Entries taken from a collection
+ + + + +
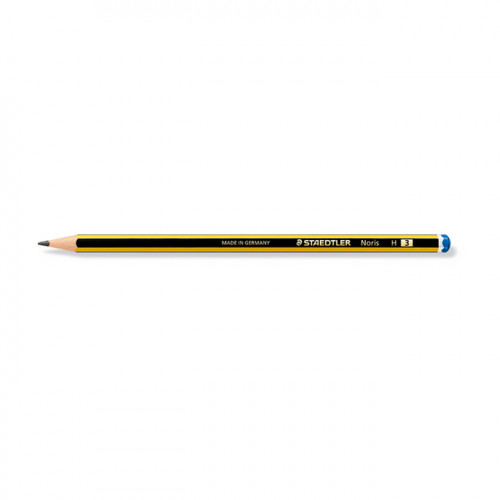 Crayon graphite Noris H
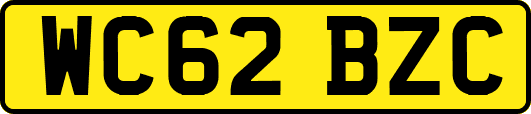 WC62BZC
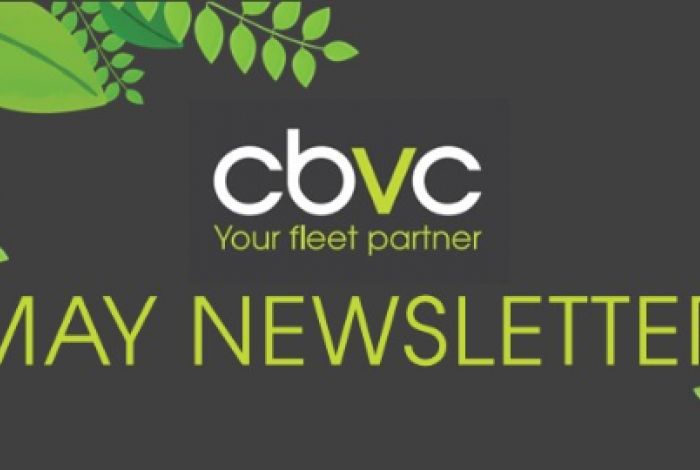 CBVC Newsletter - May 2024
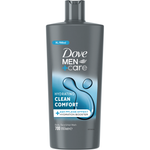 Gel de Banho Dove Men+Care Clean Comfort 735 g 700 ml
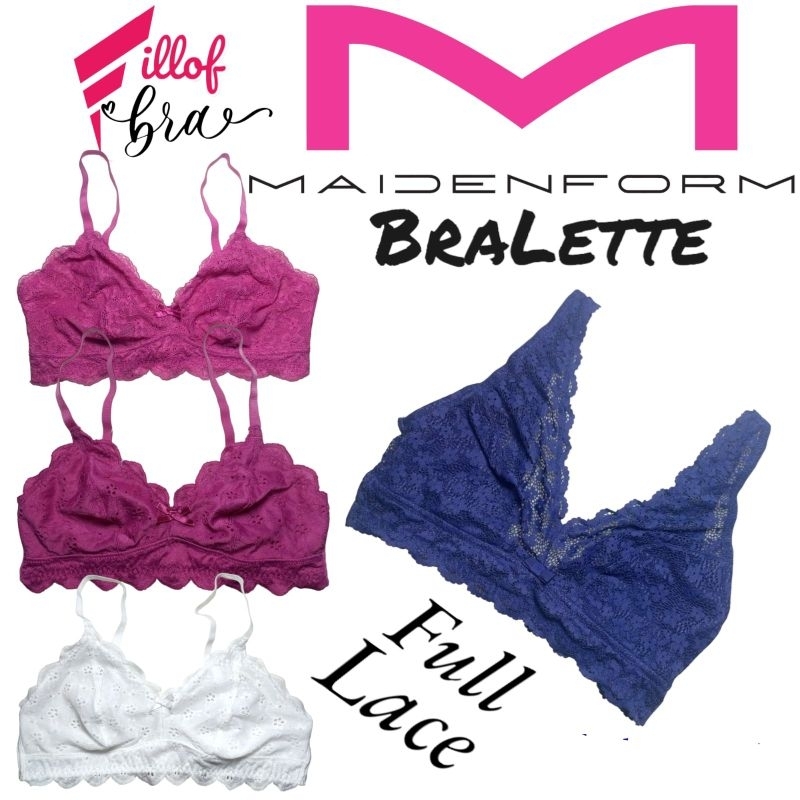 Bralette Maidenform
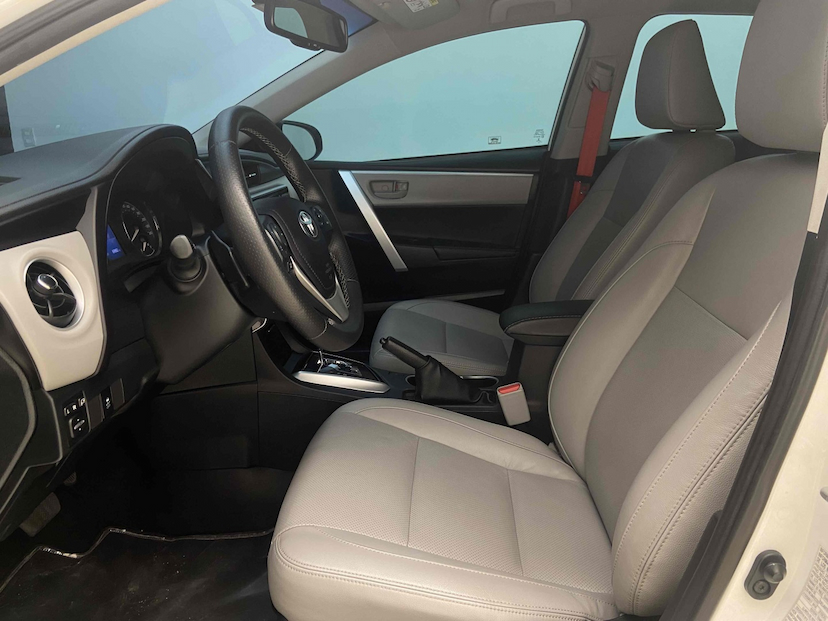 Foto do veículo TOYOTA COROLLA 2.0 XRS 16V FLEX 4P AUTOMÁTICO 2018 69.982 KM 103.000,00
+ + + + +
Although the records contain pictures, only their text should be repeated, exactly as it appears.

> [EXERCISE ANSWER]
 Crayon graphite Noris H
 WC62BZC
 CBVC Newsletter - May 2024
 Gel de Banho Dove Men+Care Clean Comfort 735 g 700 ml
 Bralette Maidenform
 Foto do veículo TOYOTA COROLLA 2.0 XRS 16V FLEX 4P AUTOMÁTICO 2018 69.982 KM 103.000,00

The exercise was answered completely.